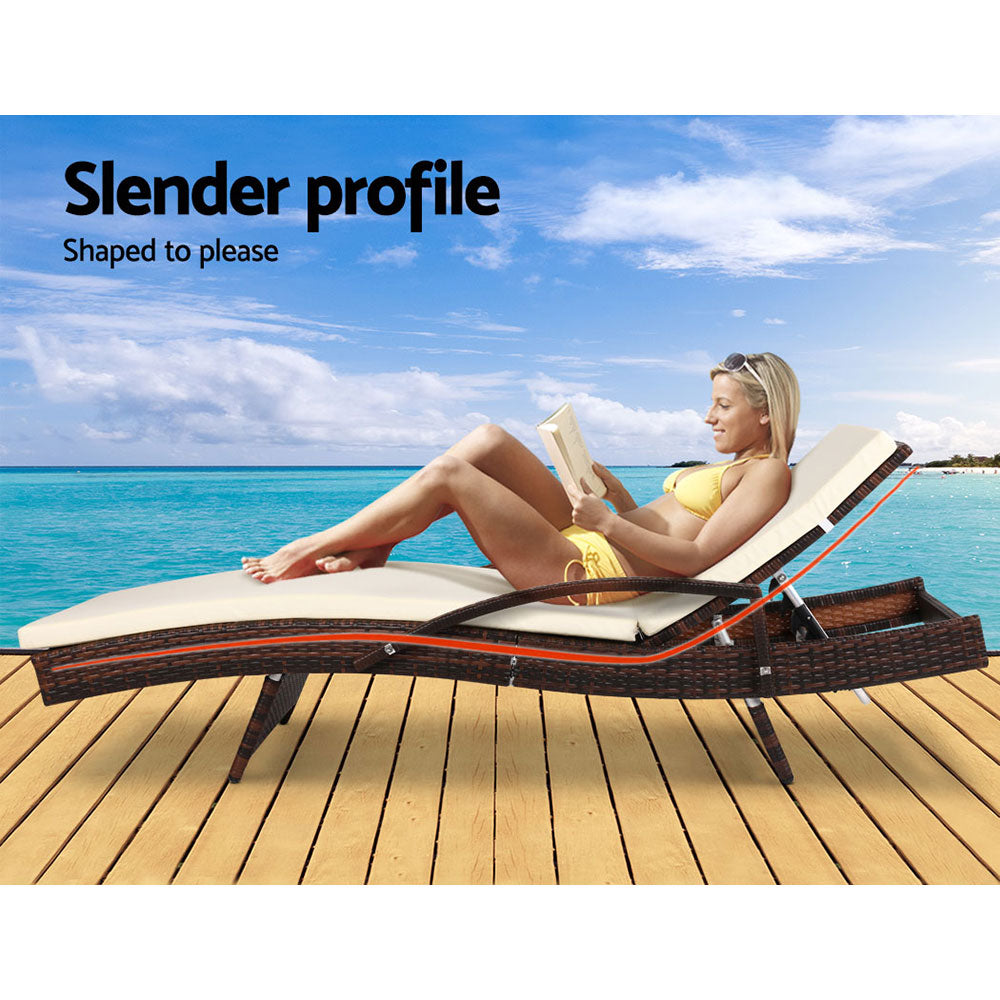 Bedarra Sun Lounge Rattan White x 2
------------------------------
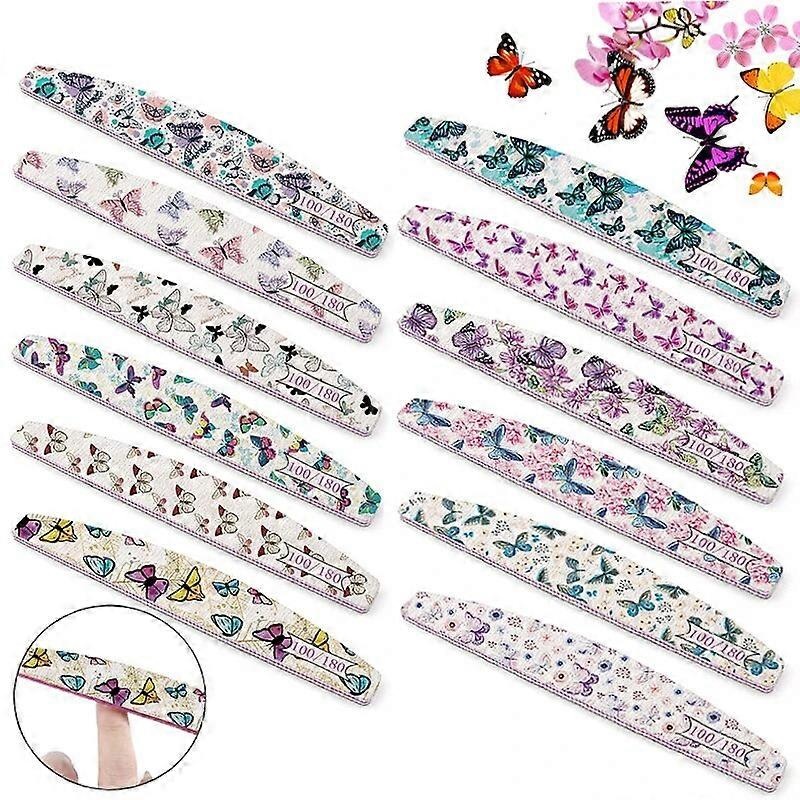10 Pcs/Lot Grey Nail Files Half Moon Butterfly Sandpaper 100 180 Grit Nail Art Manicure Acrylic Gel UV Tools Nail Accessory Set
------------------------------
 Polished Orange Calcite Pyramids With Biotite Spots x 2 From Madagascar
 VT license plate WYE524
------------------------------
THE TASK:
Restate word for word the lines of the data above, starting at the line containing "Polished Orange Calcite" and ending at the line containing "VT license plate WYE524", both included, and nothing more.

REPLY TO THE TASK:
 Polished Orange Calcite Pyramids With Biotite Spots x 2 From Madagascar
 VT license plate WYE524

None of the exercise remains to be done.